__EXERCISE DATA__
--

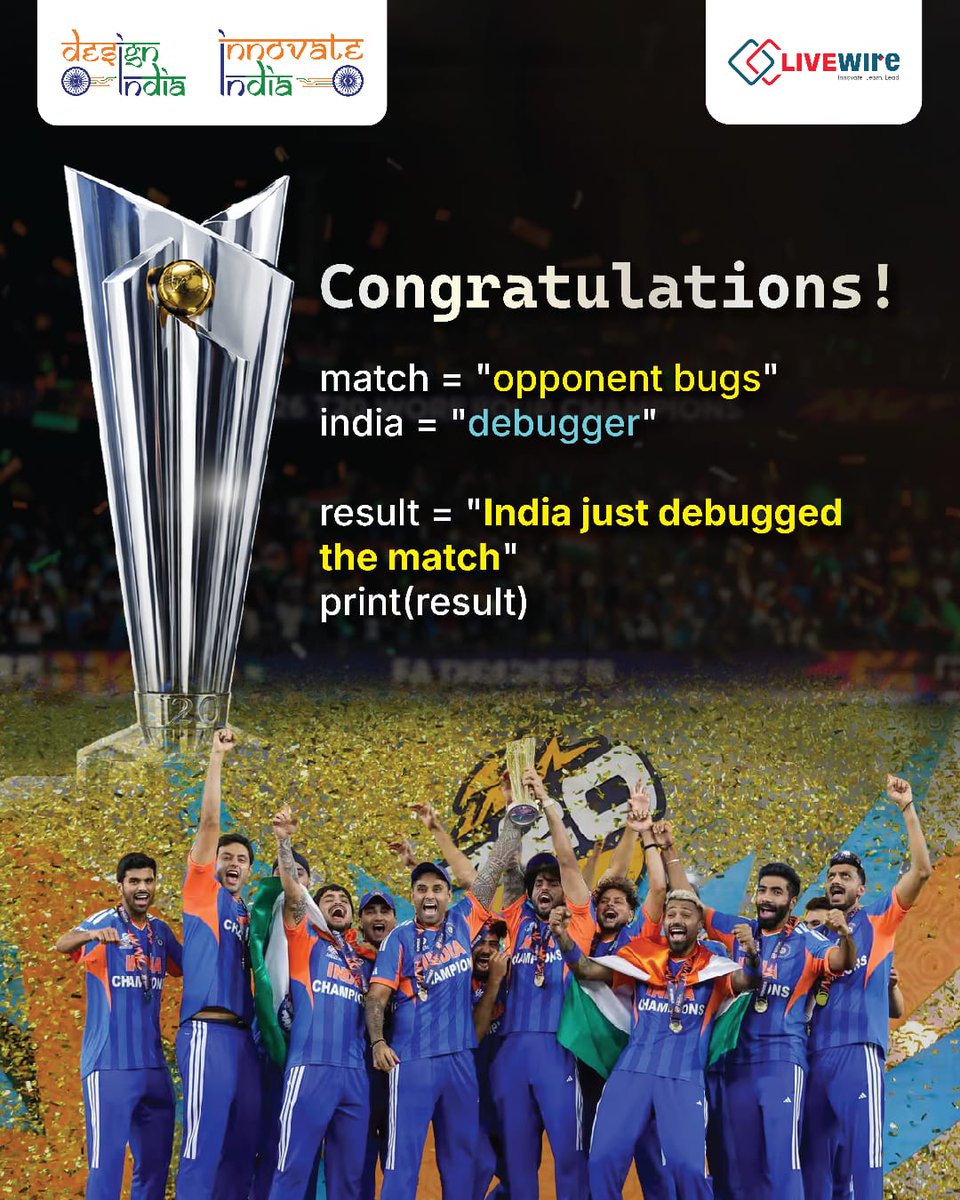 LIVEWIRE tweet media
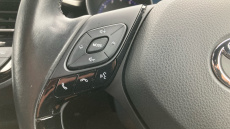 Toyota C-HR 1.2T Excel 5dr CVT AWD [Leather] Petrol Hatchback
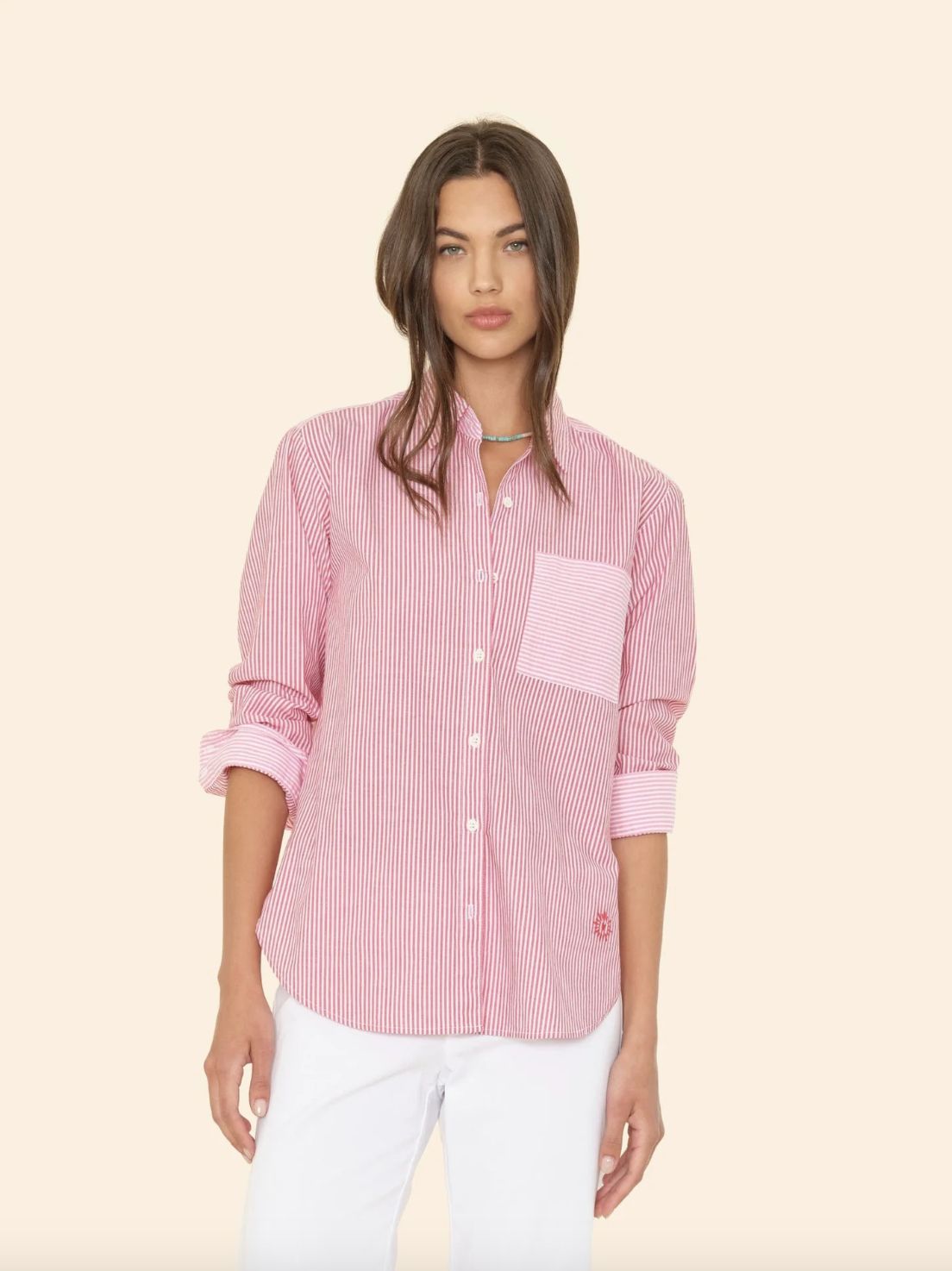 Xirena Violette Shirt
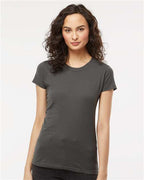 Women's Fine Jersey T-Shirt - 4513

--

__WHAT TO PRODUCE__
The output should be the material above, copied exactly, without its pictures.

__ANSWER SPACE__
 LIVEWIRE tweet media
 Toyota C-HR 1.2T Excel 5dr CVT AWD [Leather] Petrol Hatchback
 Xirena Violette Shirt
 Women's Fine Jersey T-Shirt - 4513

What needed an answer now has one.